* WORK TO BE COMPLETED *
Return each line of the listing below, unchanged, and omit the images.

* SOURCE DATA *
□ □ □ □ □ □ □
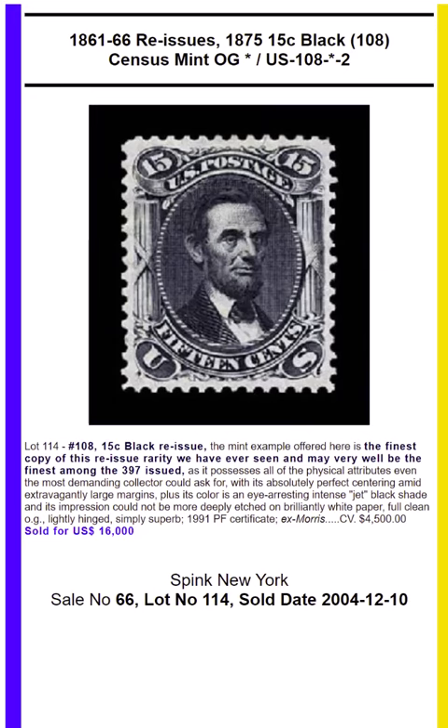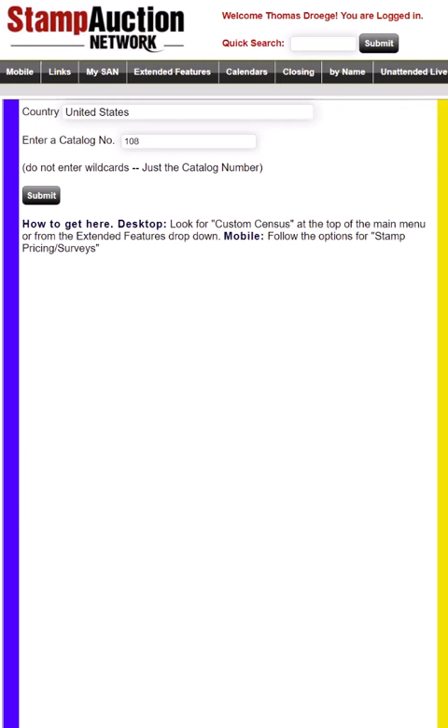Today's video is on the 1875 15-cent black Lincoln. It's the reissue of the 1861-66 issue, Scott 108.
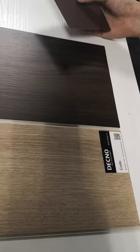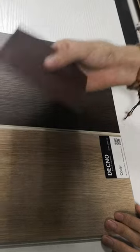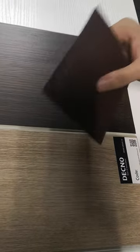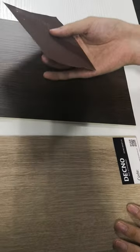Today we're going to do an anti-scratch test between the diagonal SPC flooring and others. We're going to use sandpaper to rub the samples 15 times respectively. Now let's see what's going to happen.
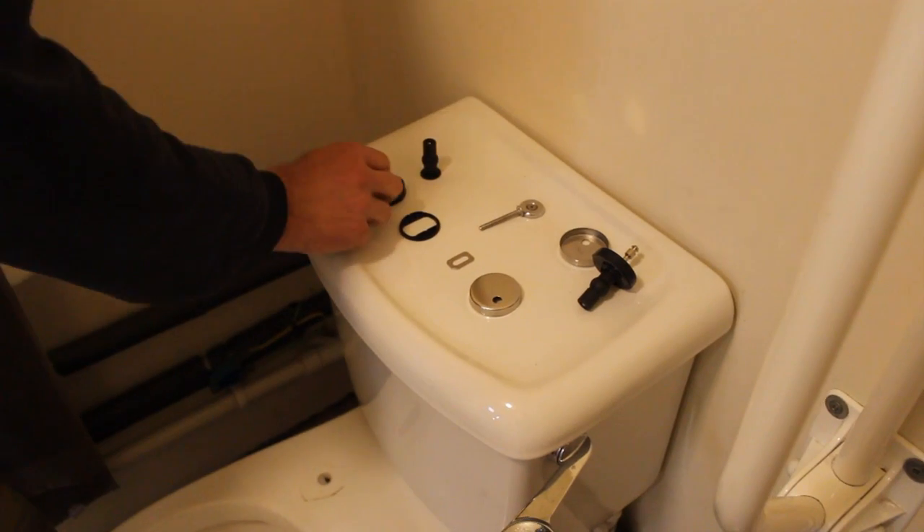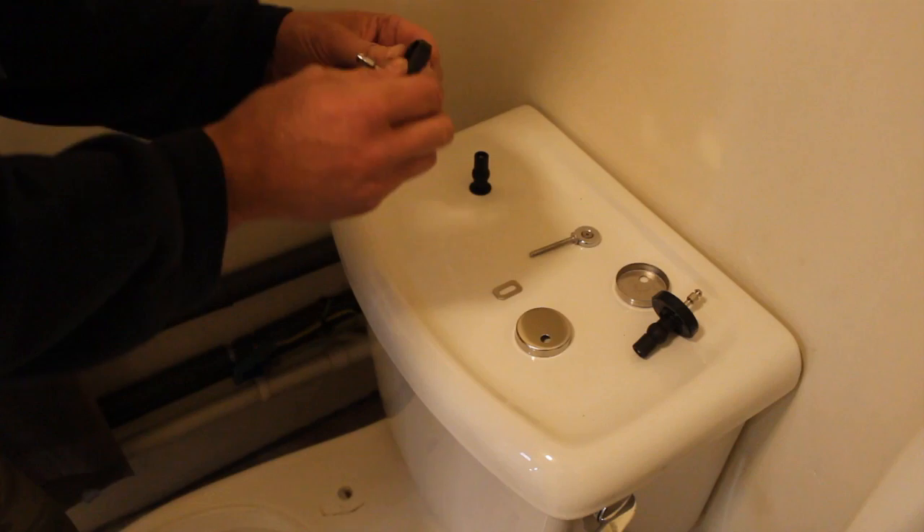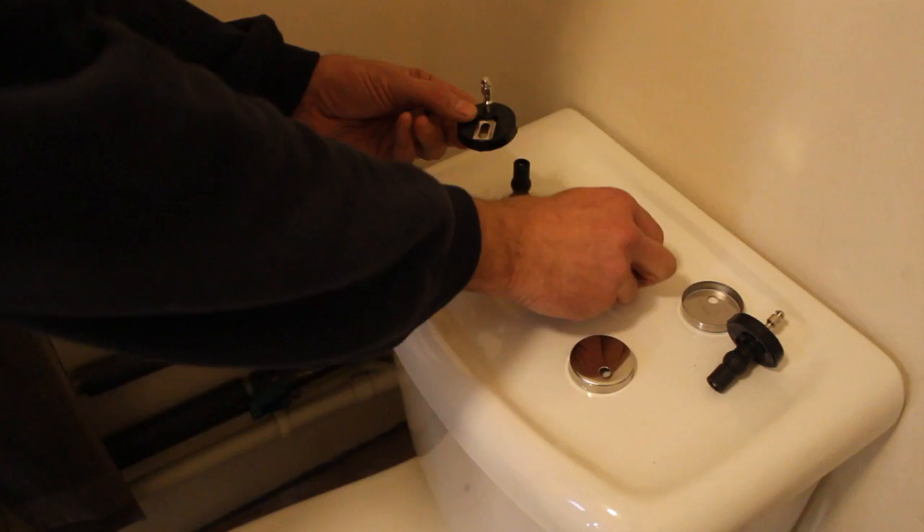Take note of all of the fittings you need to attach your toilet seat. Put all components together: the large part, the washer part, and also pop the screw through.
□ □ □ □ □ □ □
* RESPONSE *
Today's video is on the 1875 15-cent black Lincoln. It's the reissue of the 1861-66 issue, Scott 108.
Today we're going to do an anti-scratch test between the diagonal SPC flooring and others. We're going to use sandpaper to rub the samples 15 times respectively. Now let's see what's going to happen.
Take note of all of the fittings you need to attach your toilet seat. Put all components together: the large part, the washer part, and also pop the screw through.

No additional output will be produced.